What needs to be done ▸
Everything from the line that contains "8923 W 35th" through the last line below should be transcribed exactly, except the pictures.

Material provided ▸
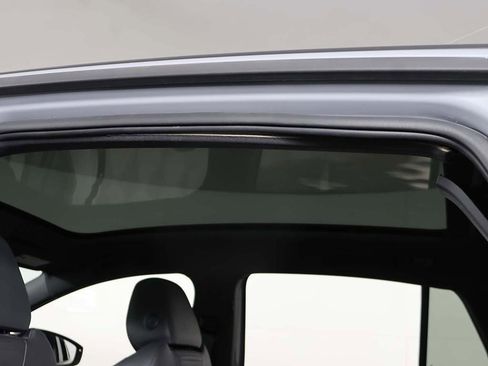 Used 2021 Volkswagen ID.4 Pro S w/ ID.4 Protection Package image 19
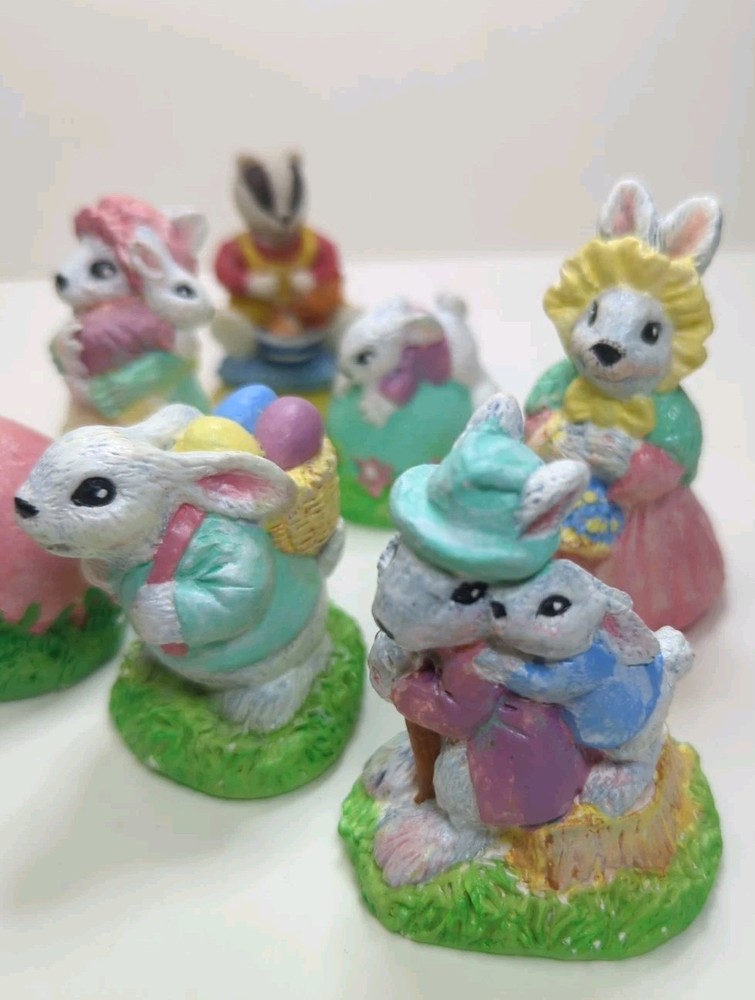 6 Vintage Easter Bunny Figurines Plus 1 Special Extra Read,👇
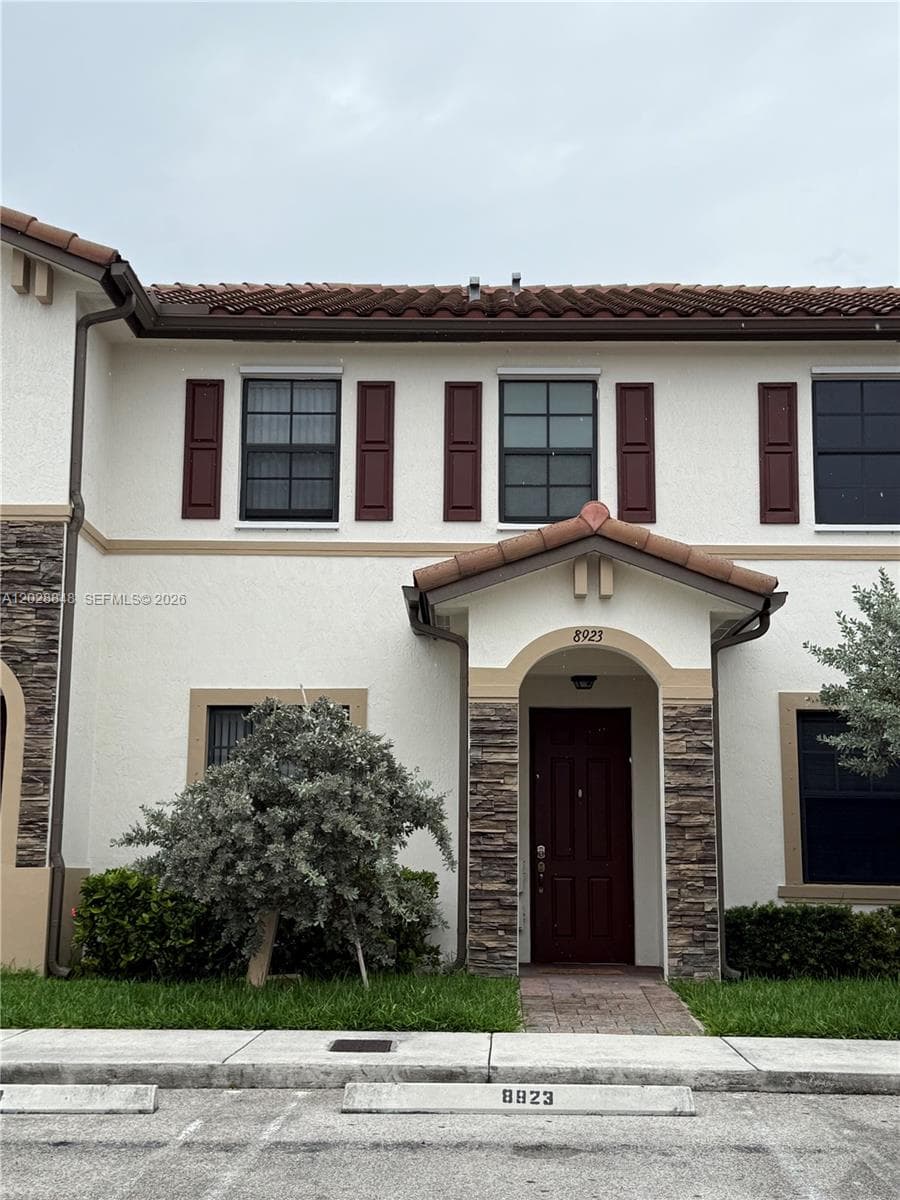8923 W 35th Ave, Hialeah, FL 33018 — zdjęcie 2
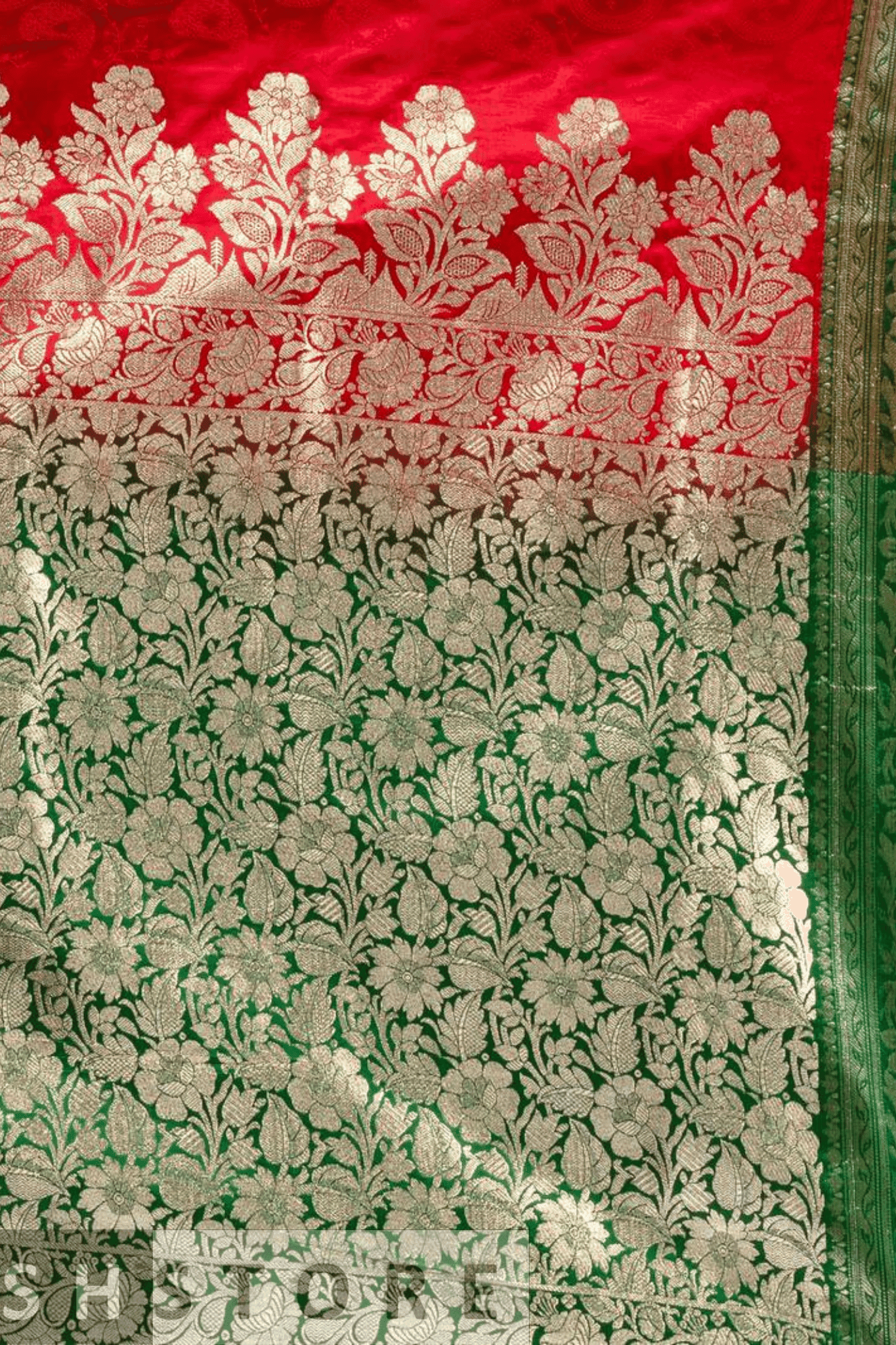Festive Red Banarasi Silk Saree with Red & Green Golden Border and Rich Pallu Design - Image 5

Result of the exercise ▸
8923 W 35th Ave, Hialeah, FL 33018 — zdjęcie 2
Festive Red Banarasi Silk Saree with Red & Green Golden Border and Rich Pallu Design - Image 5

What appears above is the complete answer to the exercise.